=== Task ===
Please write out all of the entries beneath this line exactly, skipping the pictures.

Brief descriptive captions:
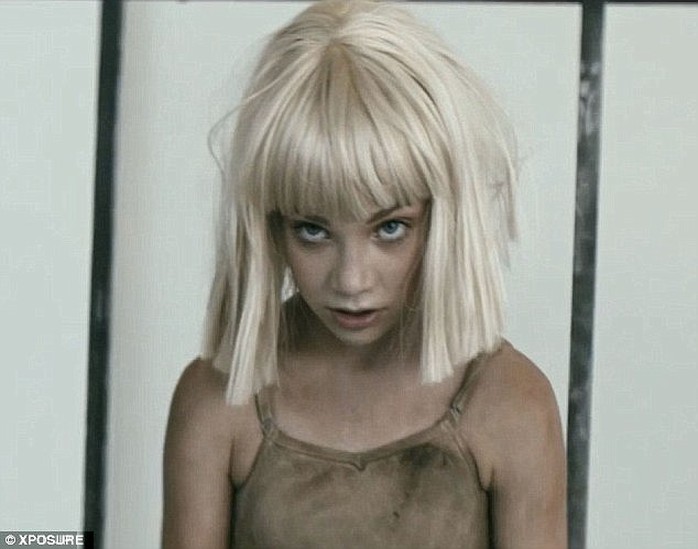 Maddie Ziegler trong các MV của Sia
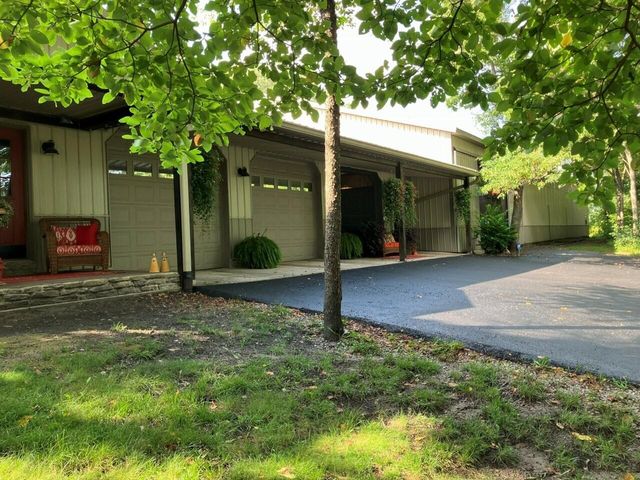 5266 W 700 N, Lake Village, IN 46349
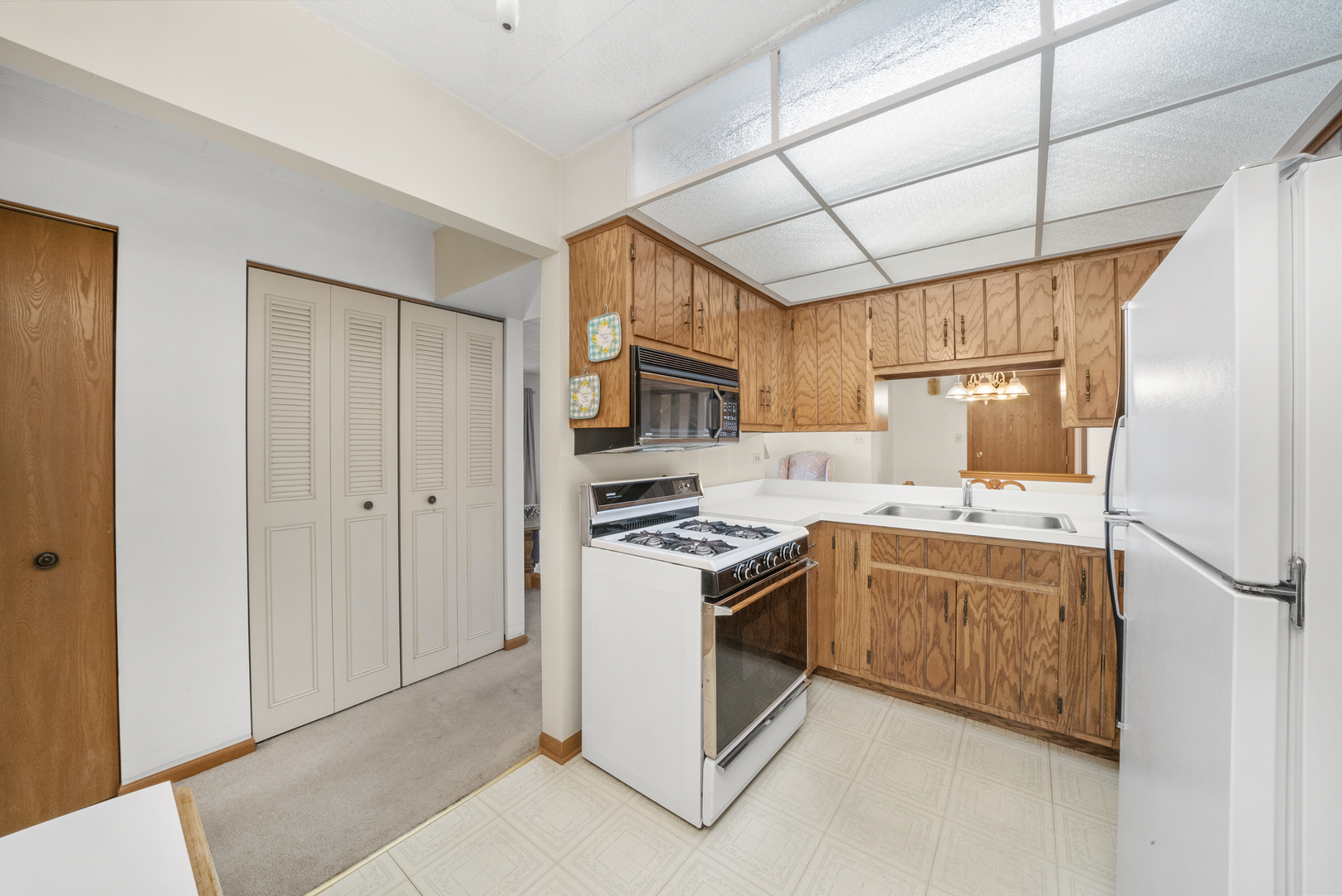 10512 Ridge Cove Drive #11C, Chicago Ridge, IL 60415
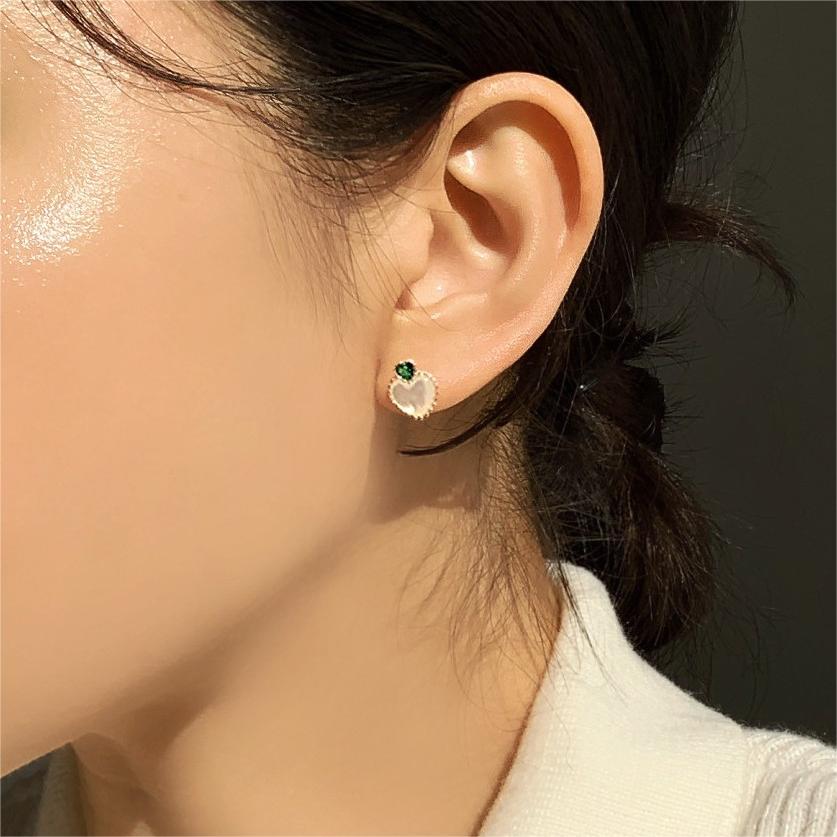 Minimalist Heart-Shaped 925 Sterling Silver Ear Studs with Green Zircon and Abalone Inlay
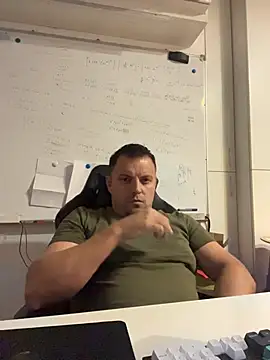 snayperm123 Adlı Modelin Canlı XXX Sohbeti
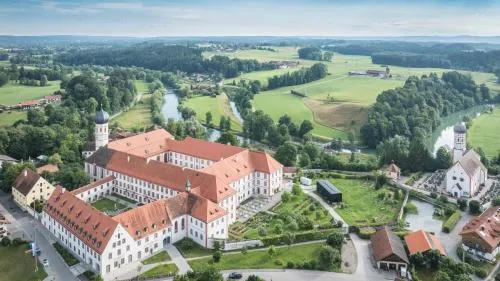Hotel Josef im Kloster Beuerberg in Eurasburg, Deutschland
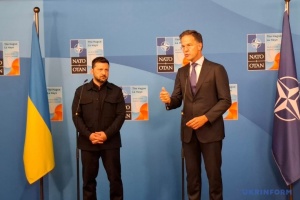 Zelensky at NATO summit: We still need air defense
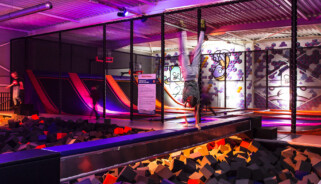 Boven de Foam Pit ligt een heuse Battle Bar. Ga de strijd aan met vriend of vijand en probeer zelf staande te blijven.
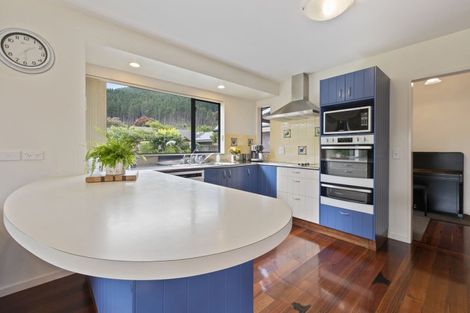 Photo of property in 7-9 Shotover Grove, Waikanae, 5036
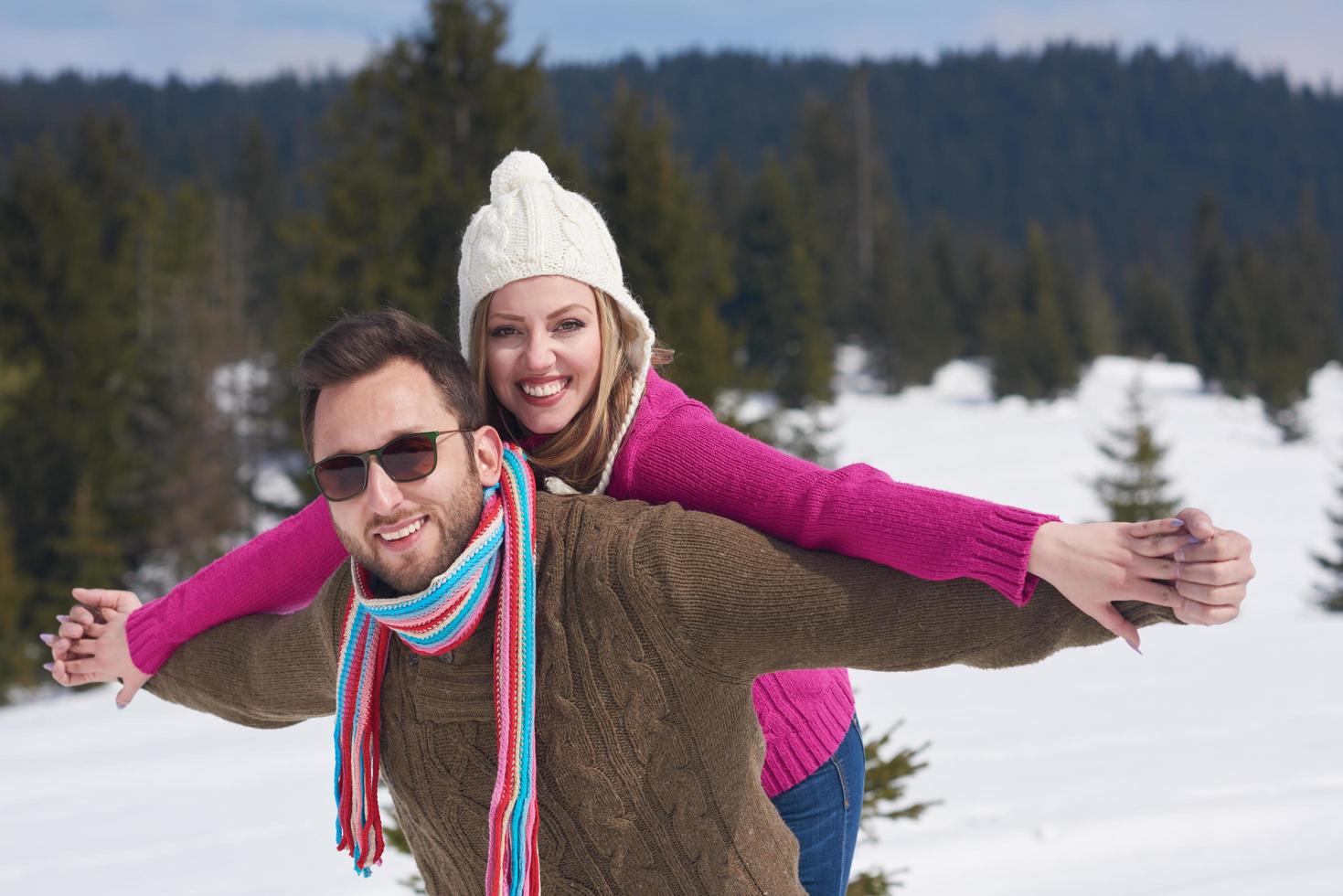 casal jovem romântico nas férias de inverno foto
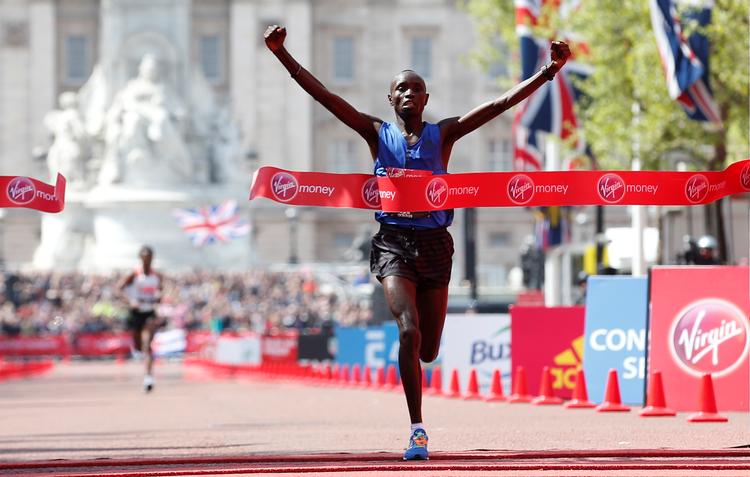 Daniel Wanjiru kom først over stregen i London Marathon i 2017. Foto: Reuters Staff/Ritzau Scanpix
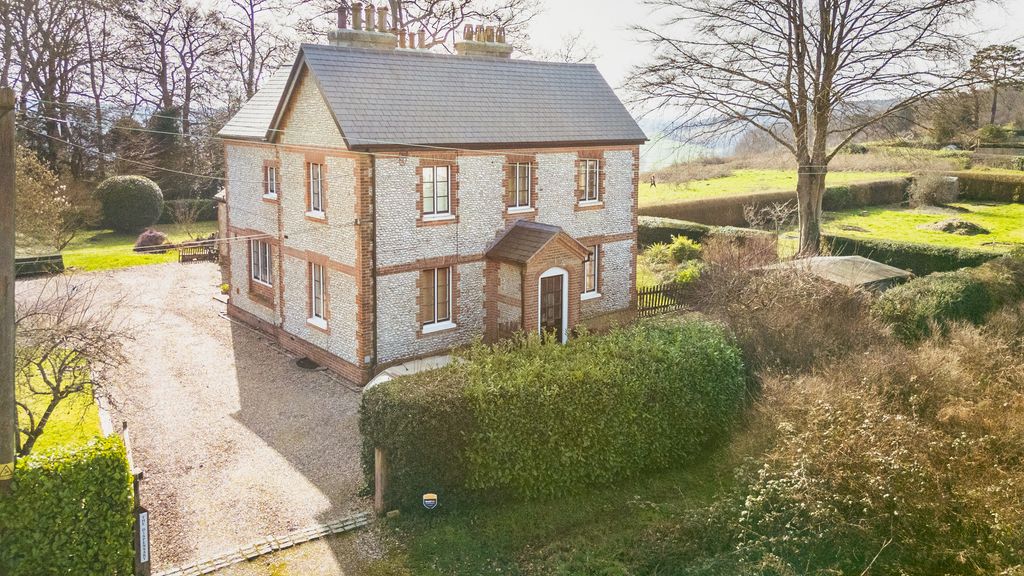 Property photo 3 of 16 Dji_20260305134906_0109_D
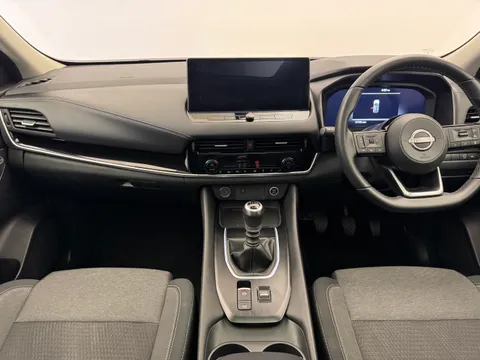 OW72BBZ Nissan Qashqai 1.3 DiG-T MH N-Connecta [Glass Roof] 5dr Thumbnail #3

=== Exercise result ===
 Maddie Ziegler trong các MV của Sia
 5266 W 700 N, Lake Village, IN 46349
 10512 Ridge Cove Drive #11C, Chicago Ridge, IL 60415
 Minimalist Heart-Shaped 925 Sterling Silver Ear Studs with Green Zircon and Abalone Inlay
 snayperm123 Adlı Modelin Canlı XXX Sohbeti
Hotel Josef im Kloster Beuerberg in Eurasburg, Deutschland
 Zelensky at NATO summit: We still need air defense
 Boven de Foam Pit ligt een heuse Battle Bar. Ga de strijd aan met vriend of vijand en probeer zelf staande te blijven.
 Photo of property in 7-9 Shotover Grove, Waikanae, 5036
 casal jovem romântico nas férias de inverno foto
 Daniel Wanjiru kom først over stregen i London Marathon i 2017. Foto: Reuters Staff/Ritzau Scanpix
 Property photo 3 of 16 Dji_20260305134906_0109_D
 OW72BBZ Nissan Qashqai 1.3 DiG-T MH N-Connecta [Glass Roof] 5dr Thumbnail #3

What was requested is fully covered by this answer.